A experiência pedagógica permite pensar a vida, a formação e a prática docente a partir da narração. Considera a pesquisa como produção de conhecimento no que envolve as dimensões social, cultural, psicológica e educacional. Confere um conhecimento auto-implicativo, ao mesmo tempo em que amplia o conhecimento das coisas. Também propicia um olhar sobre nós mesmos.

As pessoas vivem histórias e no contar dessas histórias se reafirmam. Modificam-se e criam novas histórias. As histórias vividas e contadas

educam a nós mesmos e aos outros, incluindo os jovens e os recém- pesquisadores em suas comunidades. (CLANDININ; CONNELLY, 2011, p. 27)

Complementando o pensamento dos autores, entendemos que a pesquisa narrativa tem a capacidade de reconstruir “ações e contextos da maneira mais adequada: ela mostra o lugar, o tempo, a motivação e as orientações do sistema simbólico do ator” (SHÜTZE, 1977; BRUNER, 1990 apud BAUER; GASKELL, 2017) e dessa forma torna-se um caminho apropriado para responder aos anseios desta pesquisa.

A pesquisa narrativa vai muito além de ser apenas investigativa, tem em seu âmago a possibilidade de reconstruir uma história. Bragança nos indica que: “Além de sua forma espontânea e literária, as narrativas de vida, por meio de biografias ou autobiografias, constituem uma metodologia de pesquisa” (BRAGANÇA, 2012, p. 38).

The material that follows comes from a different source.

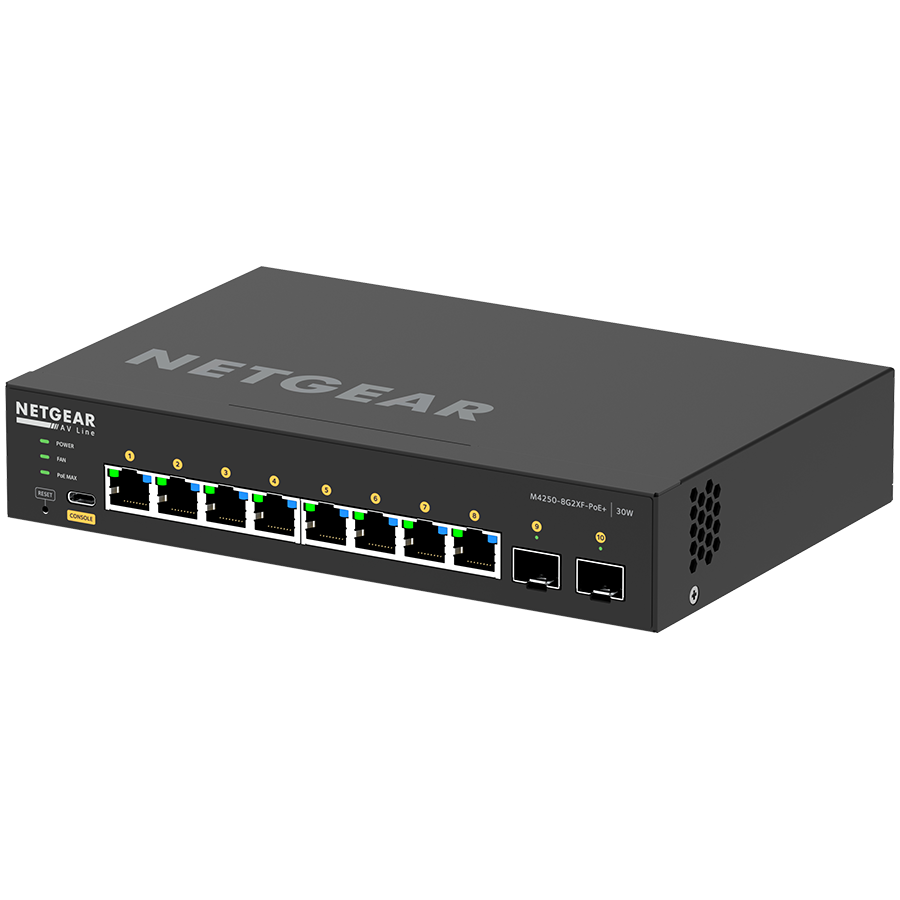 Prekidač NETGEAR 8x1G PoE+ 220W and 2xSFP+ (220W, 8x1G, 2xSFP+)-17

No pensamento narrativo da vida em geral, o contexto está sempre presente. Isso inclui noções tais como: contexto temporal, espacial, social e contexto de outras pessoas, e isso não é diferente ao tratar das histórias de vida dos professores conforme propõe Goodson (1995). Seguindo a mesma linha de pensamento Clandinin e Connelly (2015, p. 65) apontam que: “O contexto é necessário para dar sentido a qualquer pessoa, evento ou coisa”.

Ainda de acordo com Clandinin e Connelly (2015, p. 108) “[...] na construção de narrativas de experiências vividas, há um processo reflexivo entre o viver, contar, reviver e recontar de uma história de vida”. Isso significa que a cada história contada há uma nova oportunidade, uma nova vivência e, consequentemente, um novo aprendizado.

Abrahão (2011) disserta sobre esse processo de rememorar e refletir a respeito da história narrada:

[...] o processo é a resultante da rememoração com reflexão sobre fatos relatados, oralmente e/ou por escrito, mediante uma narrativa devida, cuja trama (enredo) faça sentido para os sujeitos da narração, com a intenção, desde que haja sempre uma intencionalidade, de clarificar e ressignificar aspectos, dimensões e momentos da própria formação (ABRAHÃO, 2011, p. 166)

Abrahão (2011) aponta ainda que os sujeitos que narram ou escrevem a própria história tendem a, durante o processo de rememoração, refletir sobre aquilo

que contam a respeito do seu passado. A cada contar de um fato, ele se torna mais claro, ganha um novo significado e fica ainda mais “tatuado” na memória e na formação do narrador.